A nosso ver, tal inserção resultou em aumento da fragilidade do país frente ao sistema econômico internacional. Nos últimos anos, o período de entrada de recursos pela elevação dos preços das commodities e o comportamento especulativo de mercados secundários reduziram conjunturalmente problemas de restrição externa.
Cabe-nos indagar: o que foi feito com esses recursos que entraram? Uma lamentação vulgar nos obriga a dizer que se fez de tudo (entre políticas sociais importantes!) menos o necessário para reduzir a dependência.
Os preços dos produtos que exportamos caíram e os movimentos especulativos futuros indicam o fim da fase de ampla liquidez internacional. Resta a palavra do momento – o “ajuste”.
Mais do que o corte de gastos públicos, a palavra ajuste tem um significado mais forte e amplo. Esse contempla ajustar o país à sua “realidade”, ao seu subdesenvolvimento, reforçando as restrições mencionadas.
A nós pesquisadores, não cabe lamentar, mas investigar e propor. Considerando o caráter propositivo desse artigo, oferecemos algumas alternativas.
Propostas e oportunidades durante a crise
Primeiro ponto, a desvalorização cambial. A irregularidade do comportamento da taxa de câmbio reflete as instabilidades da nossa frágil condição. Entretanto, o câmbio desvalorizado deve ser visto como oportunidade. Pode-se pensar em mudanças estruturais para promover uma inserção externa menos dependente.
Deve-se ressaltar que taxa de câmbio não pode ser o único elemento de mudança estrutural e é fundamental aprofundar na desagregação para refletir com maior precisão os problemas do sistema.

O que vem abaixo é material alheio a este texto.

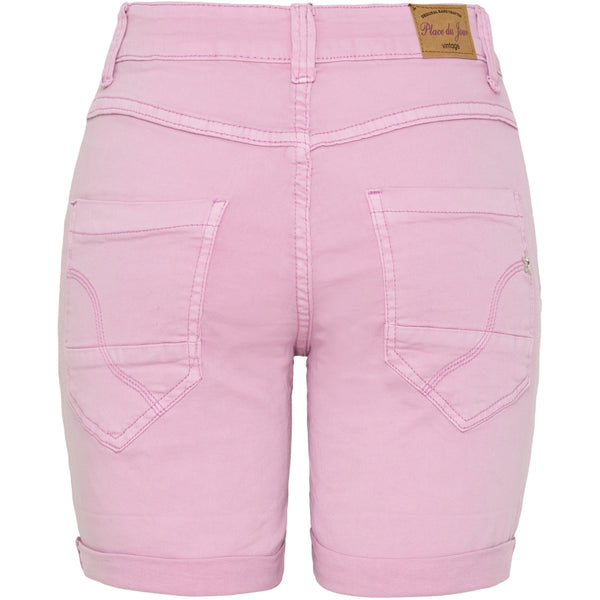 Place du Jour Place du Jour dam shorts 1220 Shorts Parme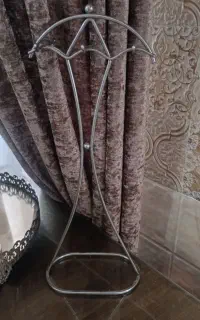 پایه کفگیر و ملاقه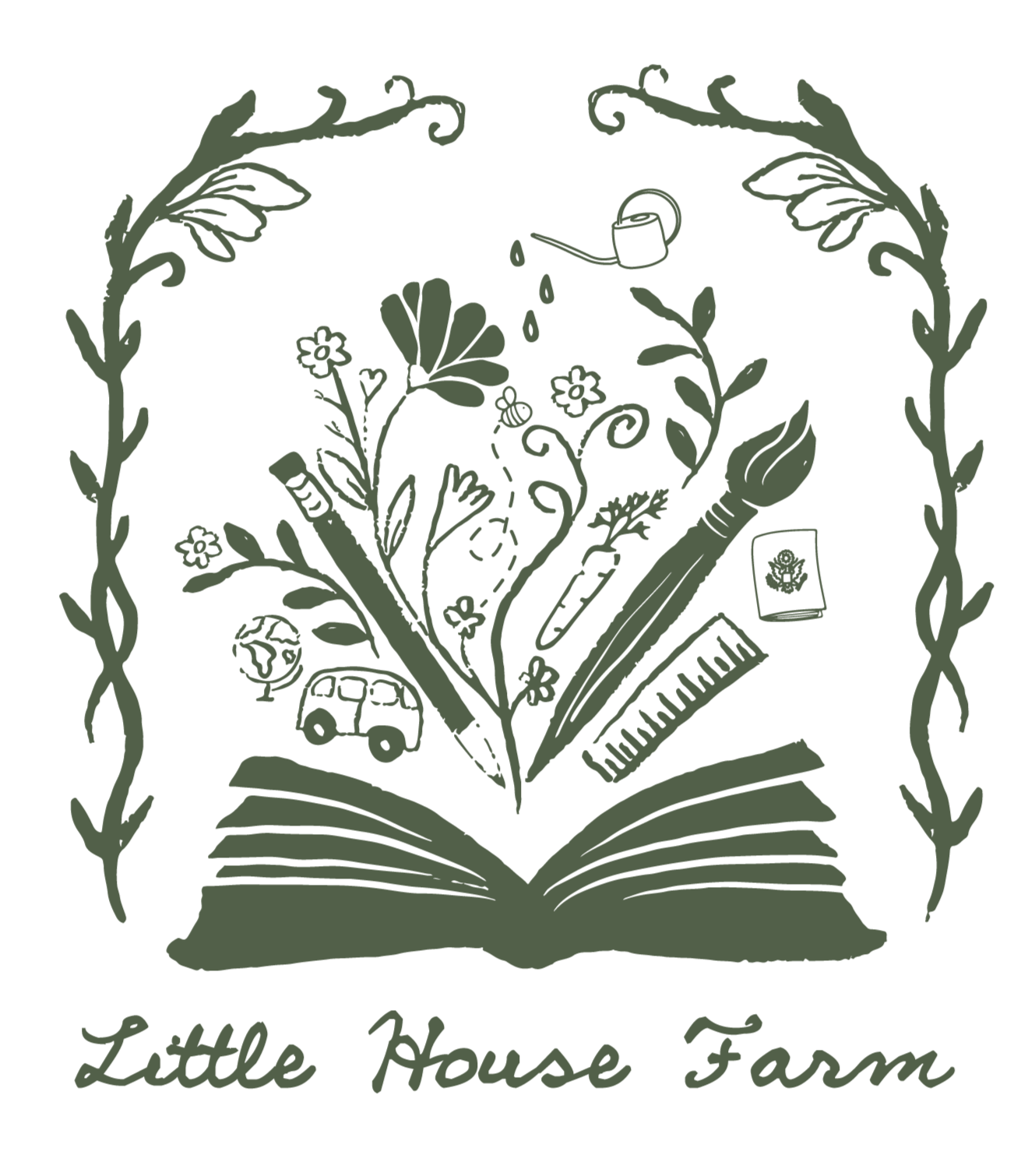 Little House Farm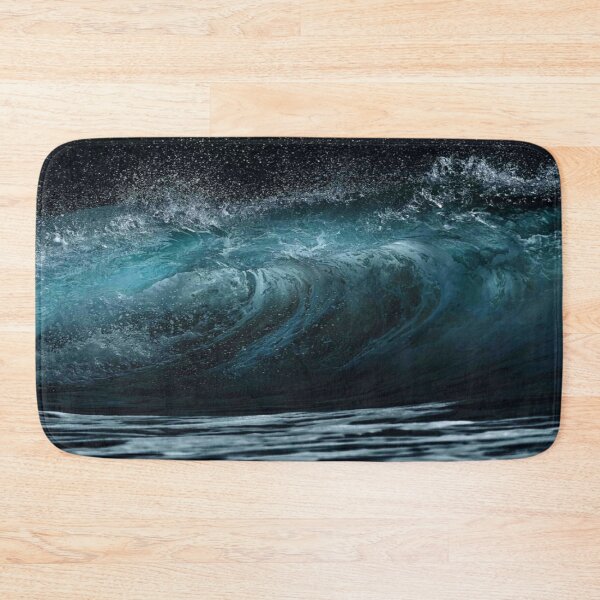 Item preview, Oceanic stickers for a refreshing atmosphere designed and sold by Topstar80.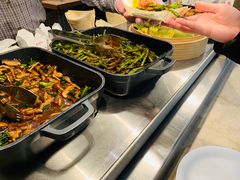 -Usdan Marketplace, Wesleyan University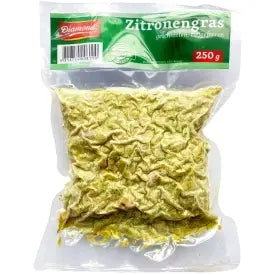  DIAMOND Lemon grass, cut sliced 250g
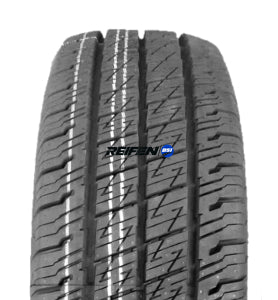 SEMPERIT VAN-ALLSEASON 235/65 R16C 115/113R Produktbild
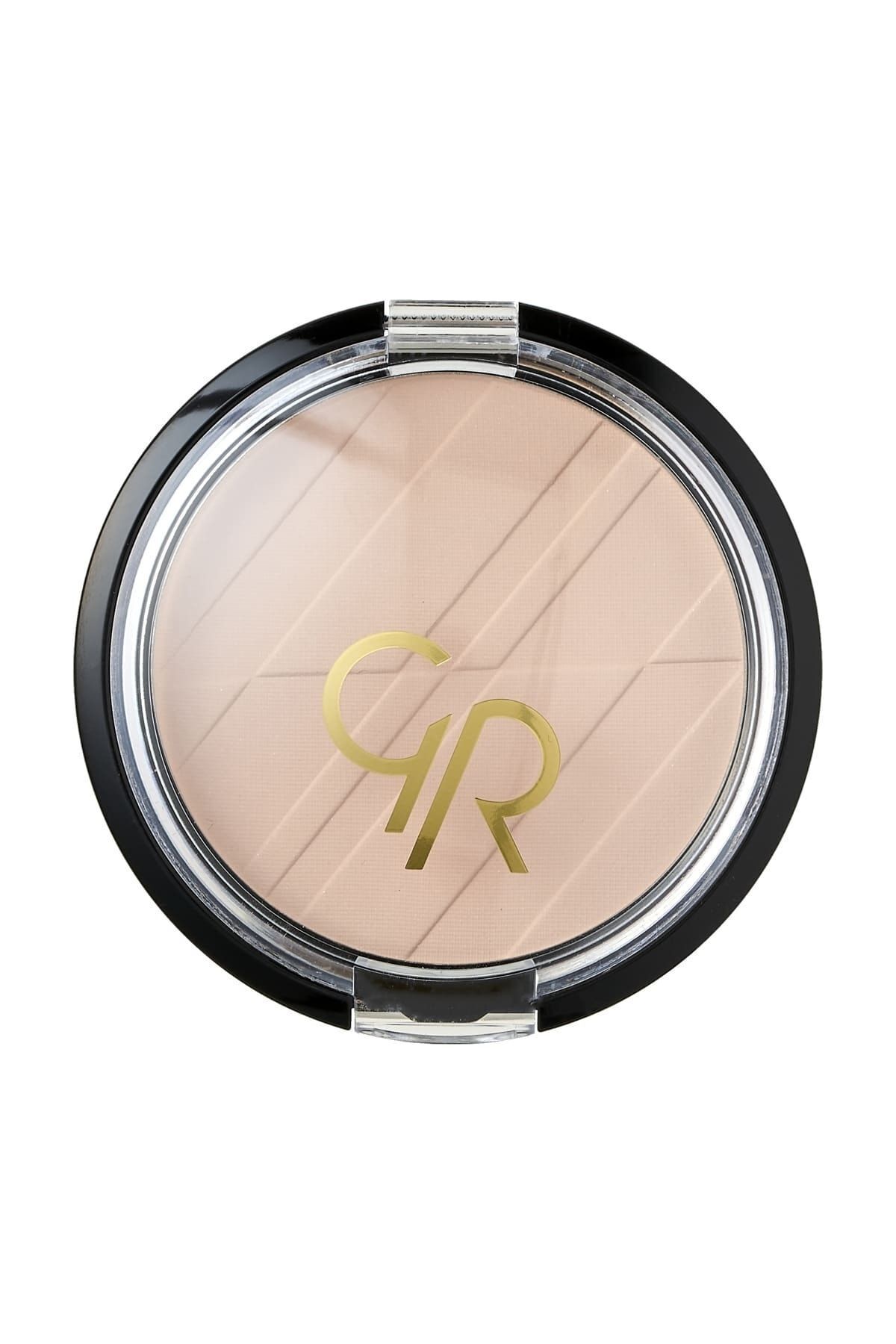 GOLDEN ROSE SILKY TOUCH COMPACT POWDER NO:02-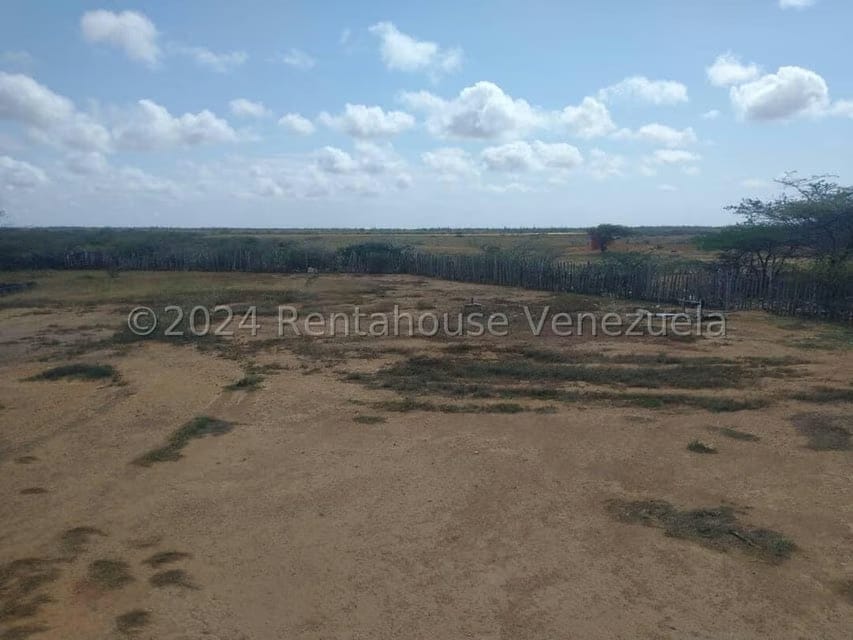 Terreno (Finca) en Venta en El Oasis, Falcon - 14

Questões microestruturais relacionadas à imaturidade de nosso Sistema Nacional de Inovação que envolve construção de capacidades para criação e absorção de progresso técnico são centrais.

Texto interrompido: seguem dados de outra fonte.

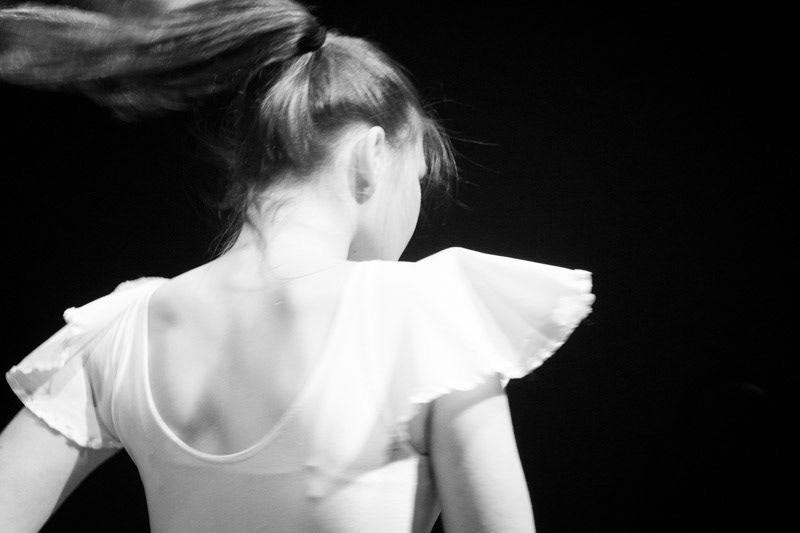 Muzarto - dansvoorstelling 2022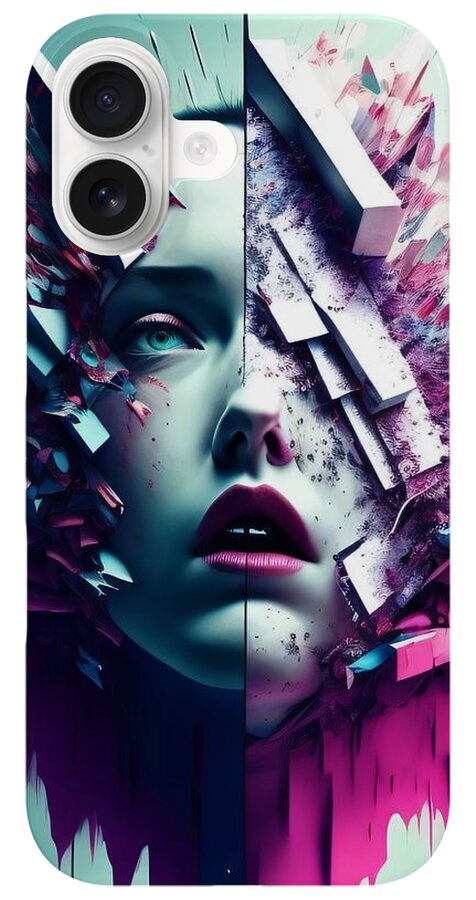 Serenity Phone Case by JB Studio â€” view 9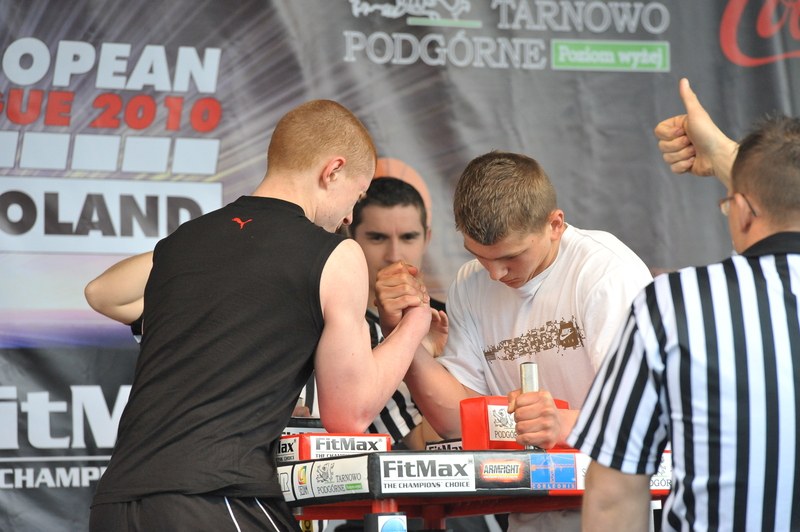 Turniej Tarnowo Podgorne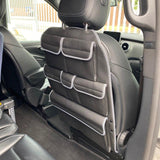 Mercedes Vito Back Seat Organiser Storage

Em segundo ponto, o ajuste fiscal abre discussão sobre a estrutura tributária. Em tempos de crescimento, os ganhos cegam a forma desigual de tributação. Devido à elevada carga tributária de impostos indiretos principalmente sobre o consumo e às baixas alíquotas do imposto de renda, cria-se um sistema em que a população de baixa renda paga mais da metade de sua renda [1] em impostos (média de 30% para outras classes).
Abrir o debate de reestruturação das contas públicas com foco na progressividade tributária é uma oportunidade que não devemos deixar passar.

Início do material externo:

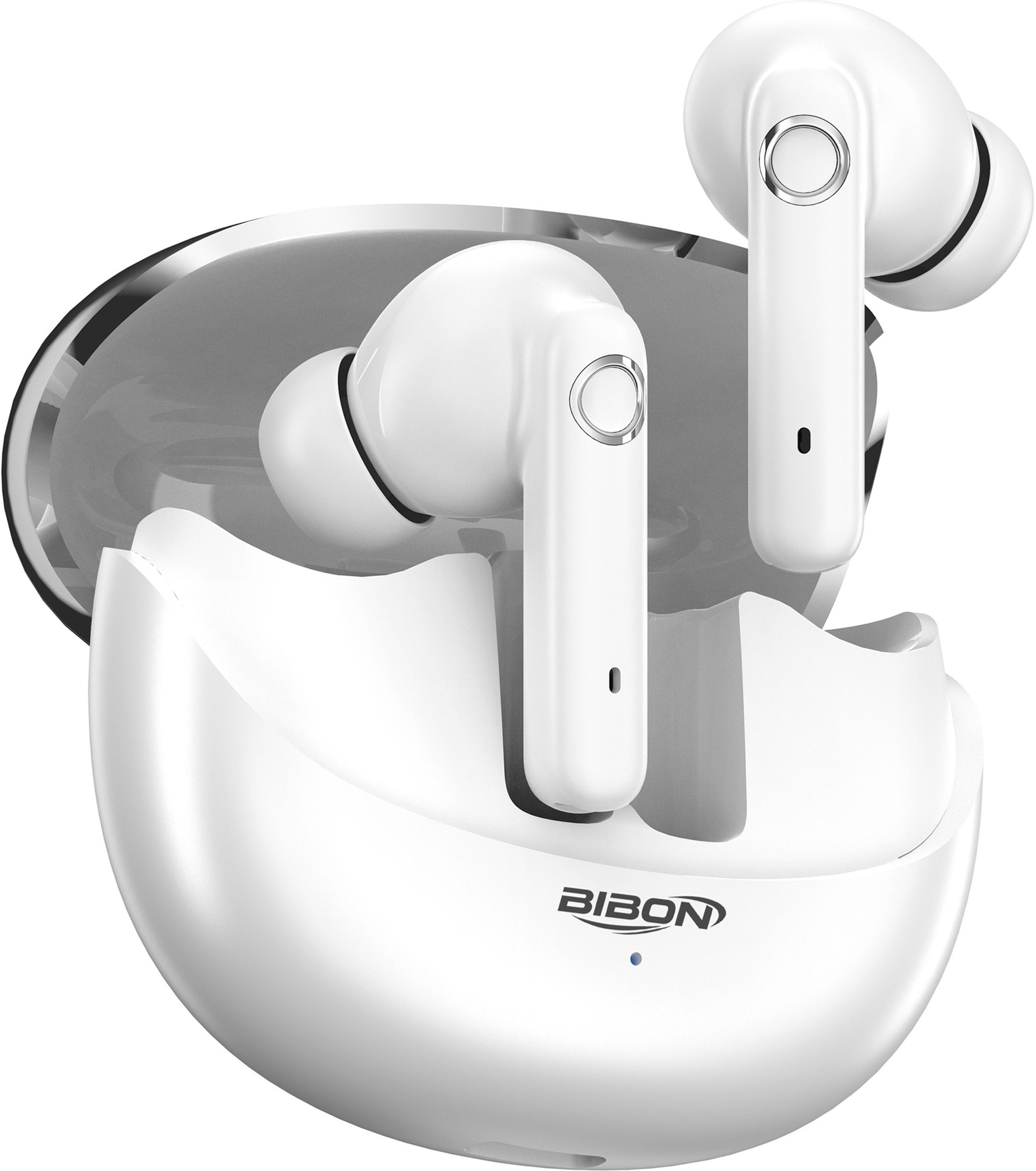 Tone Buds | 360° Sound, Touch Control, 50Hr Playtime | TWS Bluetooth Earpods-8 Bluetooth Headset-image-12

Cabe destacar também os efeitos concentradores dos juros altos sobre a distribuição – recursos pagos em impostos que se transferem aos detentores de riquezas, entre outros efeitos negativos de altos juros: aumento da carga de serviços financeiros do Estado; menor incentivo a investir; entrada de capitais de alta volatilidade.
A todos esses elementos se somam sua falta de êxito sobre o controle inflacionário. Uma consideração maior sobre os efeitos de altos juros dentro do debate público da sociedade brasileira se faz necessário para superar discussão mecanicista entre juros e inflação.
Em uma terceira proposta, a grande saída de recursos voláteis da economia brasileira mostra a que ponto chegou a dependência do país às agências de classificação de risco. O rebaixamento da S&P teve como resposta do governo reforçar o ajuste.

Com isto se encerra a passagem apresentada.